Notre Dame baseball coach challenges young players: ‘Go be a Jack Radel’

SOUTH BEND — An exhausted Jack Radel, ace righthander for Notre Dame baseball, sat silently to coach Shawn Stiffler’s right after pitching the Irish past Clemson and into the second round of the ACC Tournament.

A junior projected as a potential first-round pick in this July’s Major League Baseball draft, Radel earned a public “Thank you” from his coach after throwing 93 pitches on a 92-degree Tuesday evening, May 19 in Charlotte, N.C.  

“My guy to my right is ‘him’ again,” Stiffler said after Radel recorded the first 19 outs. “I’ll be looking for one of him for 20 years from now.”

And then the fourth-year Irish coach gave an impassioned plea to young ballplayers everywhere to emulate the patience, diligence and work ethic Radel displayed over his three seasons in South Bend.

“Over the next three weeks, we’re going to see everybody looking for something better,” Stiffler said, referencing the transfer portal. “We’re going to see everybody looking for something easier, something new, something shinier. Everything will become about transactions.

“What (Radel) did is he delayed his gratification. We laid out a plan in front of him. The work had to be done by him. He had to put the work in. He did it. He did it one catch-play at a time, one lift at a time, one sprint at a time.”

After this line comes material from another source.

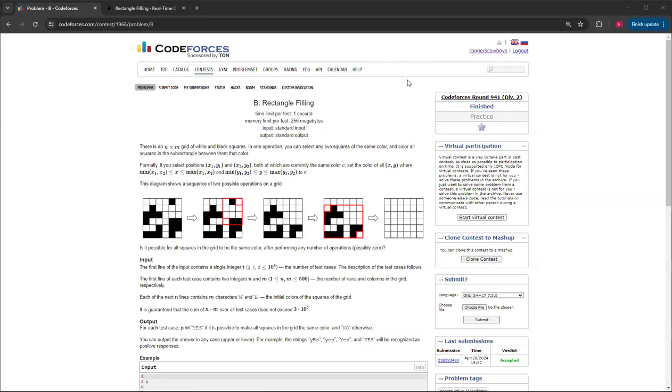Hello everybody, welcome back to another video with Mr. Coder. In this video I'm going to be showing you how to do Rectangle Filling, Question B from Codeforces Round 941, Division 2.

A product of Sioux Falls, S.D., Radel now packs 250 pounds of muscle on his prototypical, 6-foot-5 pitcher’s frame. His much-improved fastball was up to 98 mph at times on Tuesday night, and his darting slider and late-moving cutter led to 19 total swing-and-miss strikes.

Eight more strikeouts pushed his season total to 116 or 11.9 per nine innings.

“We see this almost finished product right here,” Stiffler said. “This is not an overnight success. This is a guy that fully trusted Notre Dame, fully trusted our staff and fully trusted himself. Everybody talks about, ‘I’m going to go bet on myself and jump in (the portal).’

“Really what they’re doing is they’re saying, ‘I just want something easier and I want it right now.’ In a world of microwave popcorn and a world of wanting something easier right now, go be a Jack Radel. To all you young kids out there, go be a Jack Radel.”

The Jack Radel Challenge: ‘Go earn it’

In beating Clemson for the second time this season, Radel improved to 8-4 with a 3.29 ERA. He’s come a long way from Sunday starter as a freshman to Saturday starter (behind Rory Fox) as a sophomore to the face of a youth-laden program.

“Go earn it,” Stiffler continued. “Go fight through the ups and the downs and go work. He is the model of what you want to be as a student-athlete. I’m just so proud of him and the man he’s going to become.”

Stiffler paused and smiled as he turned to Radel.

“He’s going to graduate —you are going to graduate — and he’s going to pitch a long, long time in front of a lot of people,” Stiffler said, “and he’s going to have a Notre Dame degree on top of that. Just thrilled for him and his family.”

Notre Dame lost star catcher Carson Tinney to Texas after last season. Radel stayed.

“Coming into this year, it was established that, ‘You need to come back throwing harder, have better stuff,’ and that’s what I worked on,” Radel said. “They had full trust in me to go home and work on that.”

Shuttling back and forth between South Dakota wasn’t ideal for Radel’s offseason workouts, but that was the plan put into action.

“Just being around these coaches for three years has meant a lot to me,” he said. “They care about you as a person, not just a baseball player. Had some stuff happen in my life, like everybody else, and they’ve been totally understanding. It means a lot.”